» EXERCISE DETAILS
Among the entries below, find all lines that include "Kids" and copy them.

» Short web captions

··········

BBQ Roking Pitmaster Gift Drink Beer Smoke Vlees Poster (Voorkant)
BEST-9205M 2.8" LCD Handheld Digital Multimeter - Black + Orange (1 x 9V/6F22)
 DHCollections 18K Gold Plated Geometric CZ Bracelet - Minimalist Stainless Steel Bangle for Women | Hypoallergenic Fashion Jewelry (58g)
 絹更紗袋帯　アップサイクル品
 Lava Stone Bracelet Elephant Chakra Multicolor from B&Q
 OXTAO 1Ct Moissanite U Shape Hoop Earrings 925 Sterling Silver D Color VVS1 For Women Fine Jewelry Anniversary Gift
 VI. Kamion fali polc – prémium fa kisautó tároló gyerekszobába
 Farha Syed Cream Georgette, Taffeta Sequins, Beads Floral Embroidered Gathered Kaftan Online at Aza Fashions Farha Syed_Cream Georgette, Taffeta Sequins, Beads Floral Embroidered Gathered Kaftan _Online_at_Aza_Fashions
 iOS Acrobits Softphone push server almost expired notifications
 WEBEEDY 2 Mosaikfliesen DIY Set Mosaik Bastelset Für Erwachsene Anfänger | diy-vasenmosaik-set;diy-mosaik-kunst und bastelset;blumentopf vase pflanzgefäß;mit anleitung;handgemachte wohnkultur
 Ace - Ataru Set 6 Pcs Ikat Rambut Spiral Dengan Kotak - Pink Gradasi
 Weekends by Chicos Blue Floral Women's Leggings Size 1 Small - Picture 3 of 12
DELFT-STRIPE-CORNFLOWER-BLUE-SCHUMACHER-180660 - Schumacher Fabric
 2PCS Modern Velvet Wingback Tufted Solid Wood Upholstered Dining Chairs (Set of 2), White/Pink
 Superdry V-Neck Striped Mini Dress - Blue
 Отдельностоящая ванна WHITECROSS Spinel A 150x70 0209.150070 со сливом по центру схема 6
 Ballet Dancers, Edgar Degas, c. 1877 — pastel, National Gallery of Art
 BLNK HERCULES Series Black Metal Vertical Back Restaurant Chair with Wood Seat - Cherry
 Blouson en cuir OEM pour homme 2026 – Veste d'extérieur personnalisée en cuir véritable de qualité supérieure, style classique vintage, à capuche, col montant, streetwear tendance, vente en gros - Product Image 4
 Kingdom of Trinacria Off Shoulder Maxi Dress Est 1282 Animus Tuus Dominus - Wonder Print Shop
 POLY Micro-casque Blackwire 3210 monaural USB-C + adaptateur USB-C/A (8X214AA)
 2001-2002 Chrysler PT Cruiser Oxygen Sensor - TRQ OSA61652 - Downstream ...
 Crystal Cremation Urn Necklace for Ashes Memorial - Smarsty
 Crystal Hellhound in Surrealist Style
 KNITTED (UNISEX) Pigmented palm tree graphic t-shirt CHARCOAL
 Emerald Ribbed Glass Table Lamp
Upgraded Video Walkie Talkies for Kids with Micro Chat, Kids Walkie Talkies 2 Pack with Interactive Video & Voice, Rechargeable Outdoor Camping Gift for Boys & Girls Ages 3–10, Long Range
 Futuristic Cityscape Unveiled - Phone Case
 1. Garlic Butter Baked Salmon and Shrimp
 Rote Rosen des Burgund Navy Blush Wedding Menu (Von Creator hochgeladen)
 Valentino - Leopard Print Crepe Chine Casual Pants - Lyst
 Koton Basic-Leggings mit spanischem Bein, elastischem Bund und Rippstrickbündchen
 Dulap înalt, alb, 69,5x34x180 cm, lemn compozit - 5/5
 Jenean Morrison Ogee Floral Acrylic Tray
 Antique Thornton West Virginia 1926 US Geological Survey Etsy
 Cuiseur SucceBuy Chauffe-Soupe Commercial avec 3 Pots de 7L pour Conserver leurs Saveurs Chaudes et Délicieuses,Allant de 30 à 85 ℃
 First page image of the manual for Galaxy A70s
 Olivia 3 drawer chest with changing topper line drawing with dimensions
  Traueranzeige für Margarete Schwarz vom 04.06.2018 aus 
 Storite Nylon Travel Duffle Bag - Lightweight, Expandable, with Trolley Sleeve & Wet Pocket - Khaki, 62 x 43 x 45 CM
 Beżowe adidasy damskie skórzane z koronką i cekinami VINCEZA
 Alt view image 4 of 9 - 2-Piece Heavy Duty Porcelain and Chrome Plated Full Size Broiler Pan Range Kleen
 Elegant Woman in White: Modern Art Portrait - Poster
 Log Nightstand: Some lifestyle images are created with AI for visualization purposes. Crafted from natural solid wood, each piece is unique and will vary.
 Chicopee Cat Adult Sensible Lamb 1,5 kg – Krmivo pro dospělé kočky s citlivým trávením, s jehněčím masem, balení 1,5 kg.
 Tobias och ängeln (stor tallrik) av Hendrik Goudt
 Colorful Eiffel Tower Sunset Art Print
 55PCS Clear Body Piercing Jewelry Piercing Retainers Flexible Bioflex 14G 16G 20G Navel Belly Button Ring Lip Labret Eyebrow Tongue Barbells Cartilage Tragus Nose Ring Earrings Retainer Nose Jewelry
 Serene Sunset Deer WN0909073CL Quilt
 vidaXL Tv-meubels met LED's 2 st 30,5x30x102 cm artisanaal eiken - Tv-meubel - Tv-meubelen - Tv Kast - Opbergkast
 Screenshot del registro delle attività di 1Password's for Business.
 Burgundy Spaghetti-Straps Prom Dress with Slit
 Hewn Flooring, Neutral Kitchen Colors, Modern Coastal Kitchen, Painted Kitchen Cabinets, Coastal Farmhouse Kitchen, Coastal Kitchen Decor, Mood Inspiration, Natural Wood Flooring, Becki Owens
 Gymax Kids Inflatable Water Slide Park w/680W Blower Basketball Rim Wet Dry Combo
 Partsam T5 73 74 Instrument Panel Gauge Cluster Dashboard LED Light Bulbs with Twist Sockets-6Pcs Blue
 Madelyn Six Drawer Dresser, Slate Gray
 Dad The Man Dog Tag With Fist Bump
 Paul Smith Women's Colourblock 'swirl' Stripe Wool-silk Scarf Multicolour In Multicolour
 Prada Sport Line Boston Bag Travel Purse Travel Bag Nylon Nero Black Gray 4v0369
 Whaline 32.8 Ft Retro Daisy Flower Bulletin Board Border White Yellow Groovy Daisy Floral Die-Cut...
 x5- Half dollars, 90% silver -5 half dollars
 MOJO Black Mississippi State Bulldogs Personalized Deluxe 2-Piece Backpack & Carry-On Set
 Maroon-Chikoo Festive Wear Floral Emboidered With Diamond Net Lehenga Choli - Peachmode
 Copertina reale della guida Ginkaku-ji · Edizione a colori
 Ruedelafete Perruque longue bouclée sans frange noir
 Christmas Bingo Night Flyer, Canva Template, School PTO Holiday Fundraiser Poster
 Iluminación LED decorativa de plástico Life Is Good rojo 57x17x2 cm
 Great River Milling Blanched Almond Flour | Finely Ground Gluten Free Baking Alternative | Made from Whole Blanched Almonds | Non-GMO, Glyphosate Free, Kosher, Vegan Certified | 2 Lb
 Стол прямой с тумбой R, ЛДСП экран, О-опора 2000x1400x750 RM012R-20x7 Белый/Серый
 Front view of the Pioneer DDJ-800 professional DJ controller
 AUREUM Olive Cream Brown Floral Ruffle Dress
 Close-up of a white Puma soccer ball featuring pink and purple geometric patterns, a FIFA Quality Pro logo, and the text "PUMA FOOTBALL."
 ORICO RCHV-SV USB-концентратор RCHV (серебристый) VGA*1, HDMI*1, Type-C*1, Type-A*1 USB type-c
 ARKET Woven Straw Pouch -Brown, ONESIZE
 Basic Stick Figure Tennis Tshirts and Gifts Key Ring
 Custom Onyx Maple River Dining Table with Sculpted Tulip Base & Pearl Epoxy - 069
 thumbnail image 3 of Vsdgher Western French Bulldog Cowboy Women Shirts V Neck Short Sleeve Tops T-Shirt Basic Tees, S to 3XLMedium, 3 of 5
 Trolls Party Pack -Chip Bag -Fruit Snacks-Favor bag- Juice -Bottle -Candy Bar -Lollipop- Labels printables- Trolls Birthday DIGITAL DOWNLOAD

··········

» RESULT BELOW
Upgraded Video Walkie Talkies for Kids with Micro Chat, Kids Walkie Talkies 2 Pack with Interactive Video & Voice, Rechargeable Outdoor Camping Gift for Boys & Girls Ages 3–10, Long Range
 Gymax Kids Inflatable Water Slide Park w/680W Blower Basketball Rim Wet Dry Combo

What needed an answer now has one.